This is fundamentally wrong: in the two cases we have, CPU operates at different average frequency and thus uses different amounts of energy. With SST enabled the CPU ramps up to max clocks while in the other case it may not even reach max clocks on task completion. Considering higher operating frequencies use exponentially more power, during task completion the SST enabled CPU might use a lot more energy to get the work done. However, this difference if offset by the savings done once CPU job is done and it enters sleep mode. So yes, I can compare SST to garage door. How do you think your car arrived first, if not by accelerating and breaking faster, thus using more energy to get from point A to point B.
The fact that SST is tuned with little power savings in mind in order to maximize responsiveness does not mean it does not offer both. Tune the OS/SST interaction at a different ratio for perf/energy usage and data changes.
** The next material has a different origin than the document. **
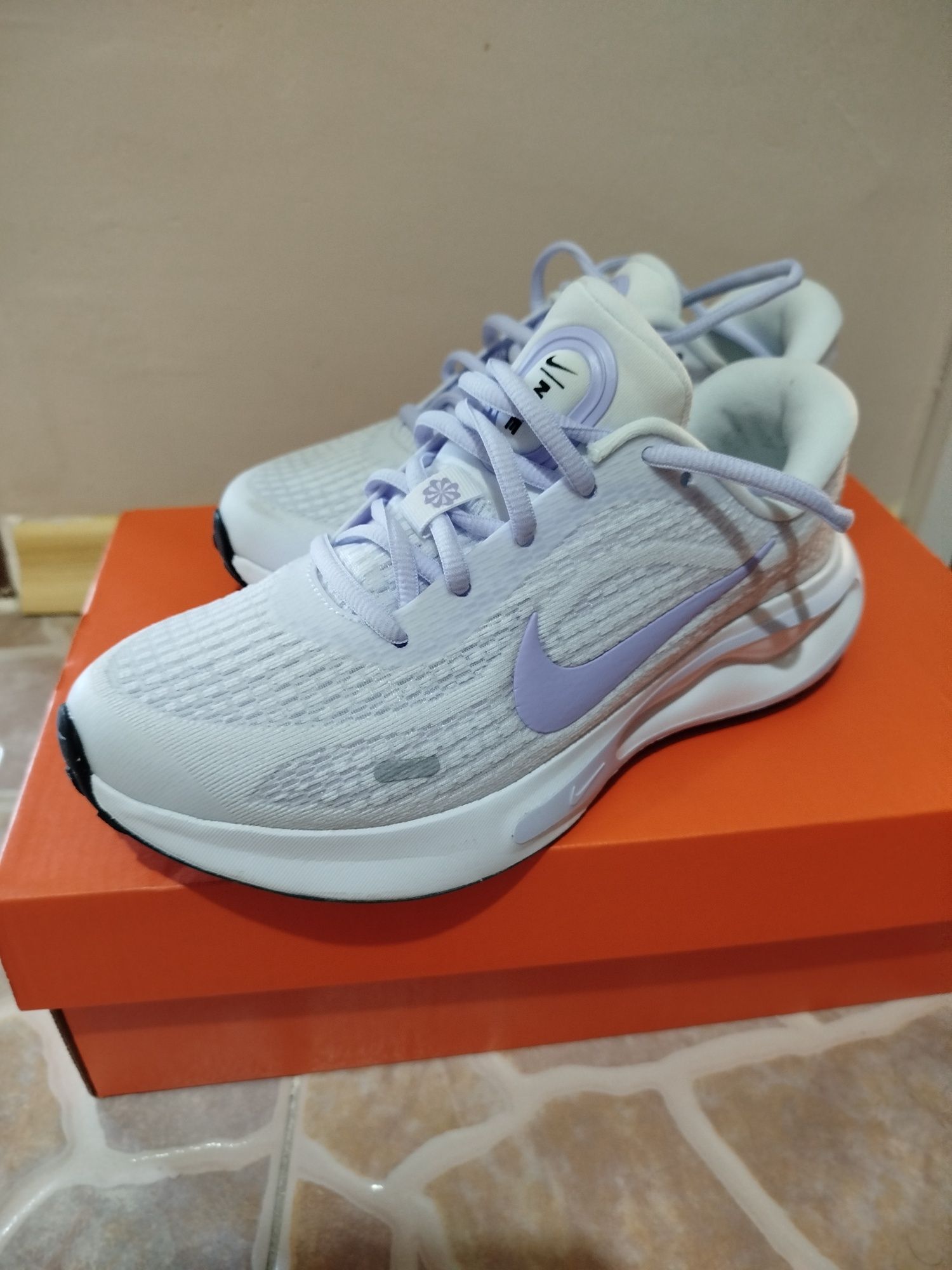 Дамски маратонки Nike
In fact even using different CPUs such as i3 or i5 might skew the perf/energy gains, since the lower top frequencies will limit the energy burn, while the initial jump from low frequencies to base frequencies still provides a tangible performance benefit. The Core i7-6600U might have been the perfect vehicle to showcase the performance gains SST has to offer, but not necessarily the one with the best power savings as well.
Intel claimed slight power savings. The Anandtech test fails to measure that while being a test tailored for consumers (which it should be), not for isolating CPU power usage. I don't see how this data invalidates Intel's claim, other than putting a bigger emphasis on slight.